Photo courtesy of the KU ASCE student chapter.
For this year’s team, the journey was one of constant adaptation and community-building. From a cracked canoe to cold, rainy competition conditions, the KU Concrete Canoe team embraced the challenges head-on. Those moments that aren’t necessarily fun in the moment but quickly become unforgettable in retrospect are what the team now lovingly refers to as “Type II-fun.” Long nights, messy labs, surprise challenges — all now memories the team treasures.
“Every time I went to the lab this year, I got to spend time with my friends,” Arbini said. “It kept me motivated. This has been the best part of my college experience.”
Farmer, who plans to move to Texas after her graduation in May, agrees.
“I don’t think we’ll remember the hard times as much as we’ll remember the wins, the laughs and the people. That’s what sticks with you.”

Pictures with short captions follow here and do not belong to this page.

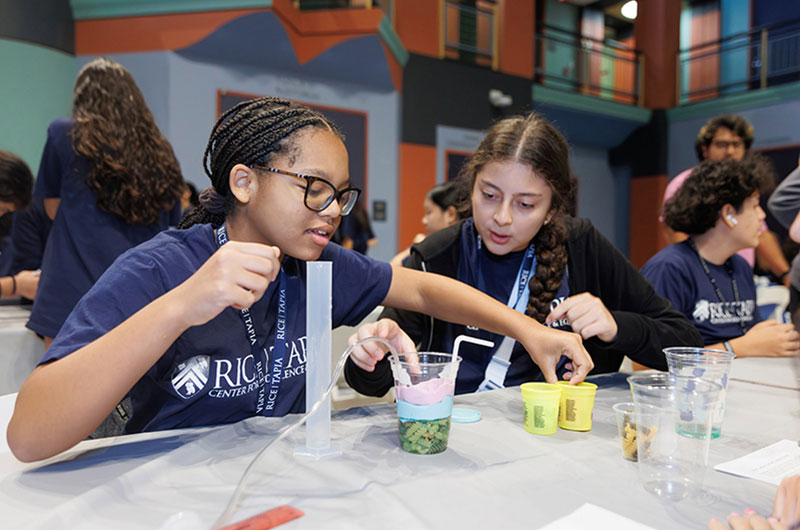 Students building reservoirs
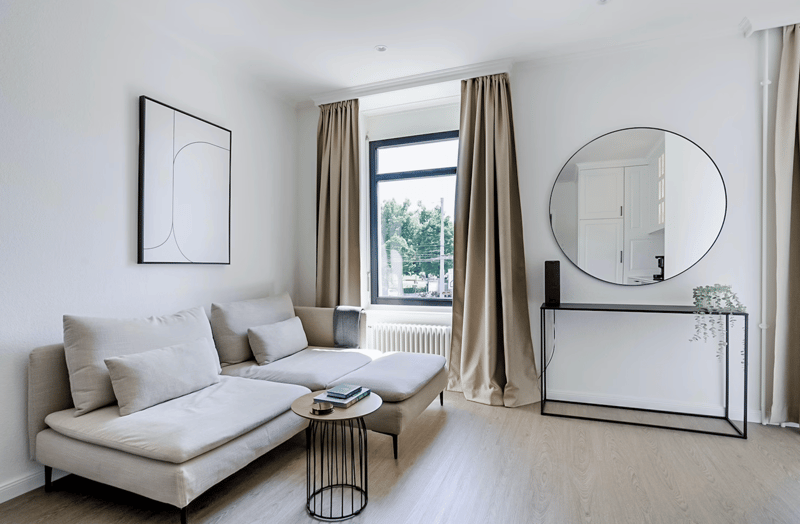 large sofa, console table, round mirror, white walls, wooden floor, white curtains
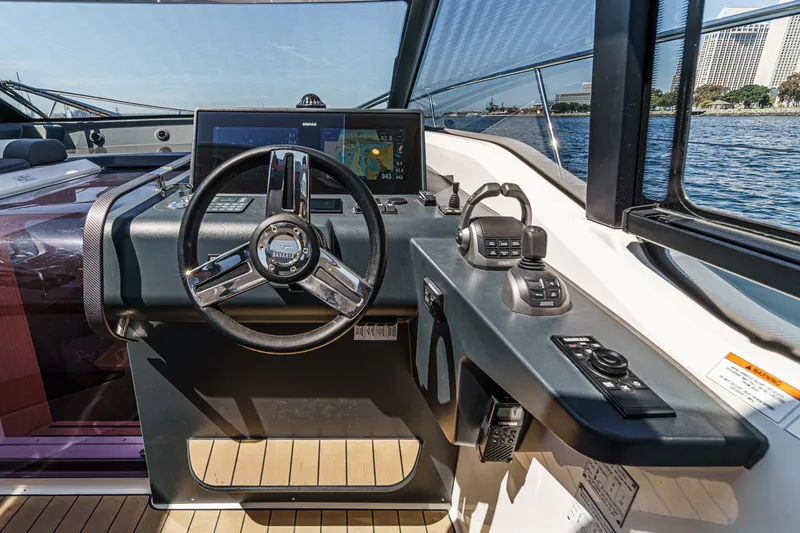Slide: The Image of Helm of 2023 Bavaria SR36 yacht with modern navigation controls and steering wheel. - 34
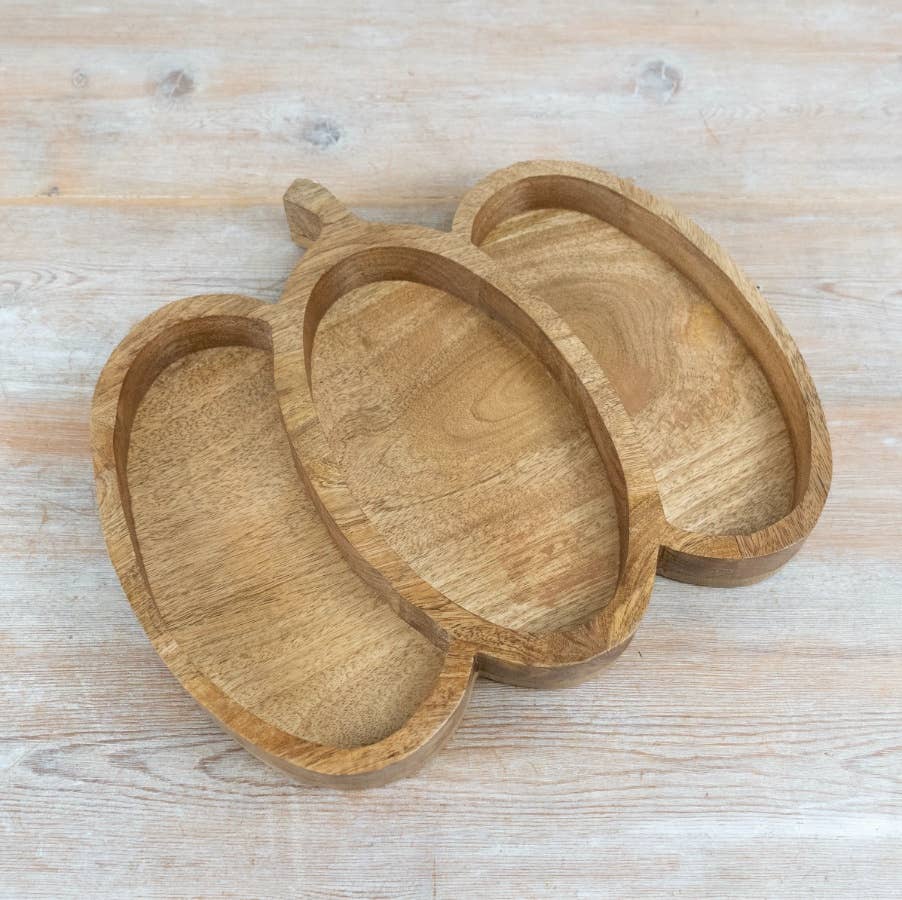 Pumpkin-shaped wooden serving tray showing natural wood grain and sculpted design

There are many words of wisdom both Arbini and Farmer, as well as Darwin, can offer, but mainly the best thing to do is just to show up.
“It’s intimidating to join a technical club,” Arbini said. “But just be there, ask questions and get involved. We love what we do, and we want to share it.”
“There are no stupid questions,” said Farmer, “especially in a project this unconventional. New members often bring ideas we haven’t thought of.”

Photo courtesy of the KU ASCE student chapter.
Heading into his last year as captain, Arbini hopes to continue to grow the knowledge of building a concrete canoe to pass down to the next 50 years of teams, but for the most part, he just looks forward to growing the community and changing the narrative of engineering-focused activities.
“I’d love to push to have more events on the lake so that we can not only bring people in but show them that we’re not just a bunch of nerds in a lab,” said Arbini with a laugh. “We do have fun. I want to build up a good team so the program can continue to grow when I’m gone.”